### Entries shown
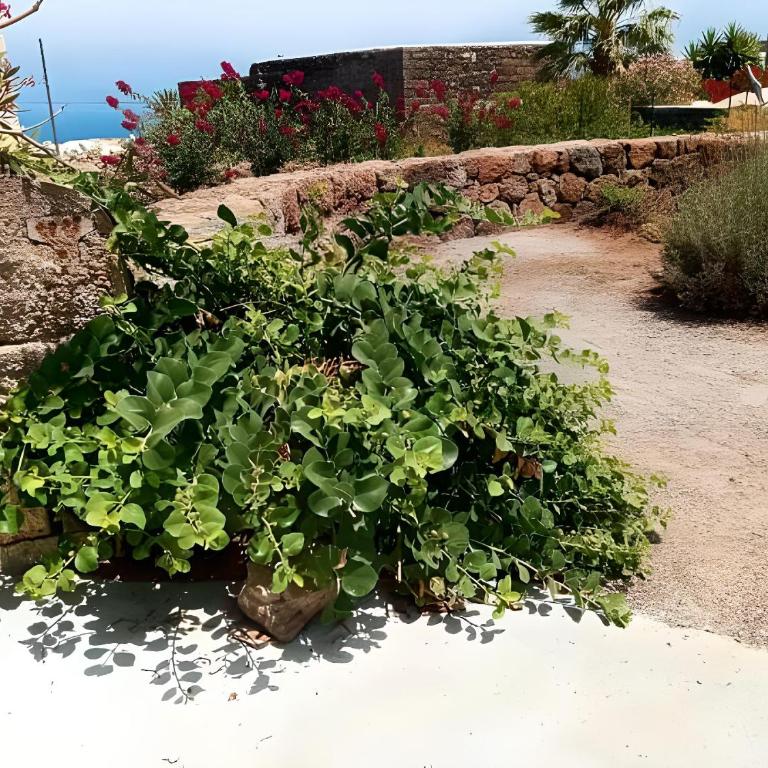 Dammuso Pantelleria - Fiori D'Ossidiana - Apartment mit 1 Schlafzimmer - 38
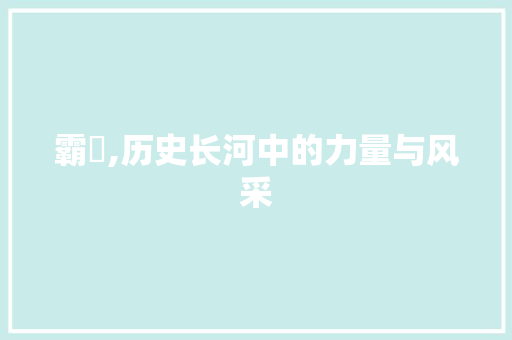 霸氣,历史长河中的力量与风采
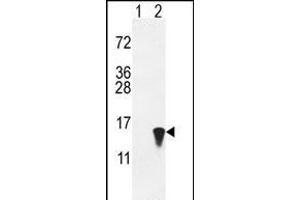 Western blot analysis of ISG15 (arrow) using rabbit polyclonal hISG15-A46 (ABIN387983 and ABIN2844984). (ISG15 抗体  (N-Term))
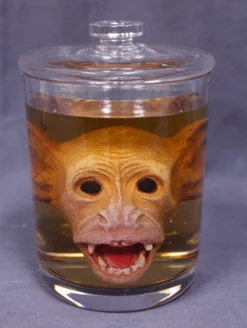 Dapper Cadaver Workshop Monkey Head Apothecary Specimen Jar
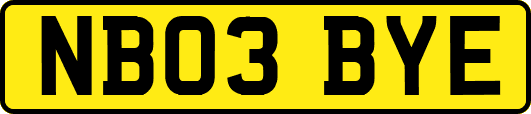 NB03BYE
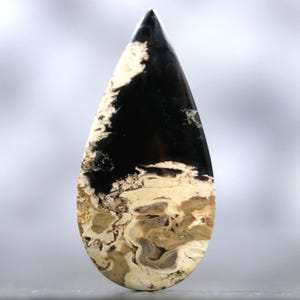 Petrified Wood Stone Cabochon Palm Root Fossil Teardrop Shape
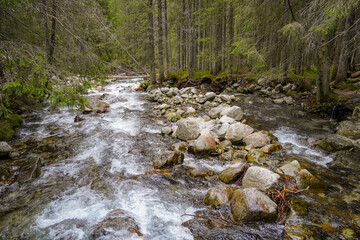 Morskie Oko trail , hike in the Tatras mountains , riverbed
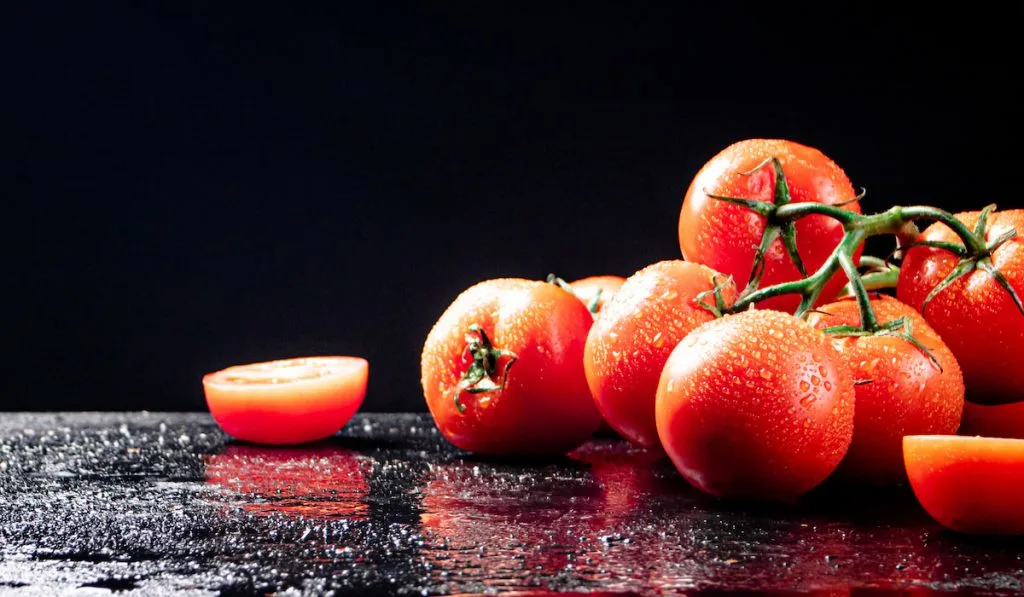 ripe fresh tomatoes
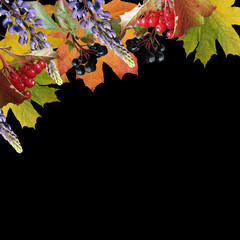 Beautiful autumn background of lupines, maple leaves, Aronia and viburnum. Isolated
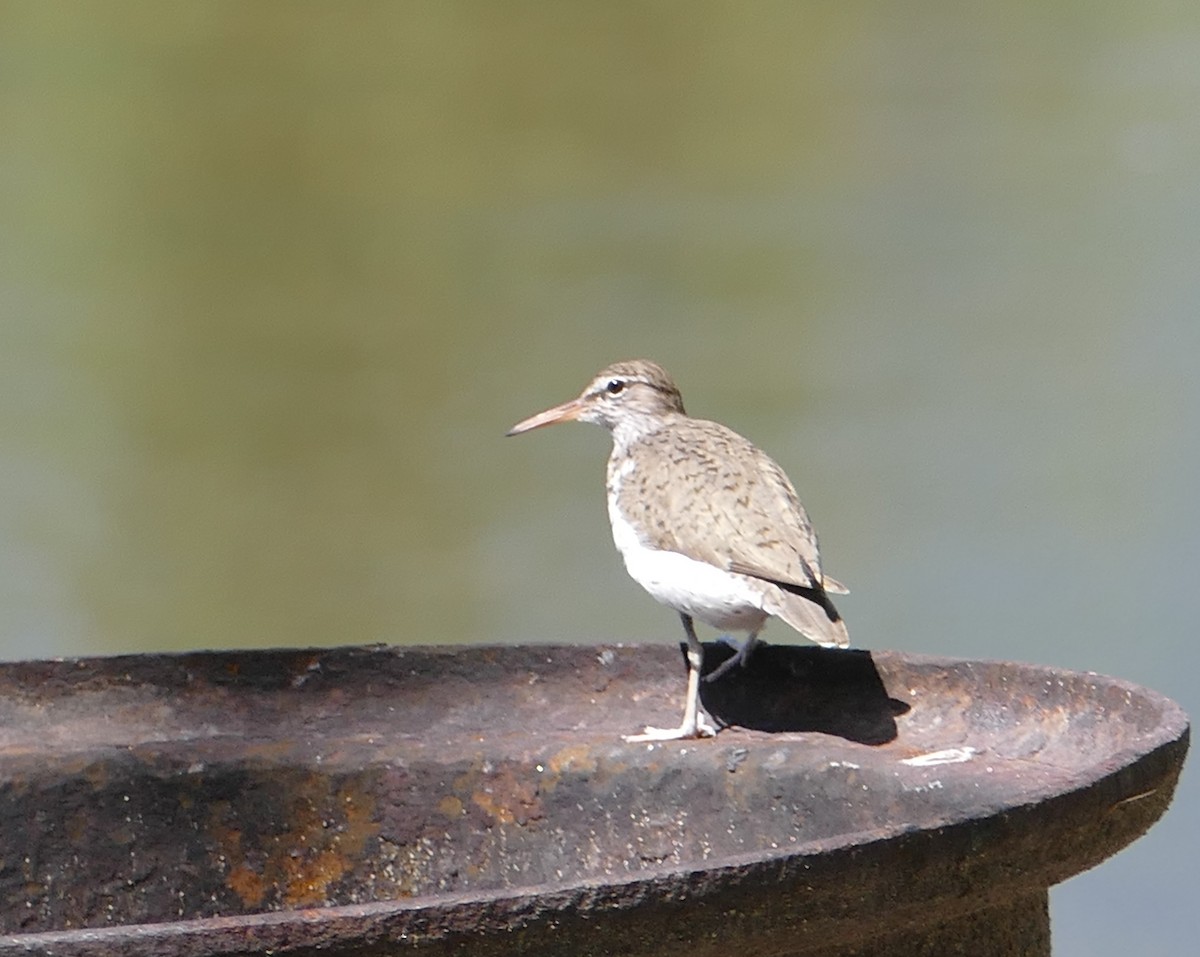 Spotted Sandpiper - ML230500091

### Exercise objective
In the answer, the data should reappear exactly, with no pictures.

### Exercise result
 Dammuso Pantelleria - Fiori D'Ossidiana - Apartment mit 1 Schlafzimmer - 38
 霸氣,历史长河中的力量与风采
 Western blot analysis of ISG15 (arrow) using rabbit polyclonal hISG15-A46 (ABIN387983 and ABIN2844984). (ISG15 抗体  (N-Term))
 Dapper Cadaver Workshop Monkey Head Apothecary Specimen Jar
 NB03BYE
 Petrified Wood Stone Cabochon Palm Root Fossil Teardrop Shape
 Morskie Oko trail , hike in the Tatras mountains , riverbed
 ripe fresh tomatoes
 Beautiful autumn background of lupines, maple leaves, Aronia and viburnum. Isolated
 Spotted Sandpiper - ML230500091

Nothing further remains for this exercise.